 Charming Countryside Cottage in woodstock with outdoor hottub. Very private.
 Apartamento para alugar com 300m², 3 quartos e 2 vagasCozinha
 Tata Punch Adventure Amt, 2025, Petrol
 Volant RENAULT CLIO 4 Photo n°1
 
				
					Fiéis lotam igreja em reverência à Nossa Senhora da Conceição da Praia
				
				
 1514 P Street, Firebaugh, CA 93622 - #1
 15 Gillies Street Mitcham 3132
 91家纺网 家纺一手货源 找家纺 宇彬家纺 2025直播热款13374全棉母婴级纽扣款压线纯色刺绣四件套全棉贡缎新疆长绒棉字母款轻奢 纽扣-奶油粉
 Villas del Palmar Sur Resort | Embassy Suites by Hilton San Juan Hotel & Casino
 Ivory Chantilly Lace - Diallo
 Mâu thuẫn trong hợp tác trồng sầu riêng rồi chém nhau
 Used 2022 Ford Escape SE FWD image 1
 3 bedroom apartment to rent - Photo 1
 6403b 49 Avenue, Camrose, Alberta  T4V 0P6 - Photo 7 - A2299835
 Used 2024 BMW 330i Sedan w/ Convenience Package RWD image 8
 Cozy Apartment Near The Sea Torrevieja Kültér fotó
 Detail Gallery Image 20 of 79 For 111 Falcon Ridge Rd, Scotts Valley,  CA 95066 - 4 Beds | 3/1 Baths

═══

Activity: Out of the records above, pick each line that contains the string "Used".

Task solution:
 Used 2022 Ford Escape SE FWD image 1
 Used 2024 BMW 330i Sedan w/ Convenience Package RWD image 8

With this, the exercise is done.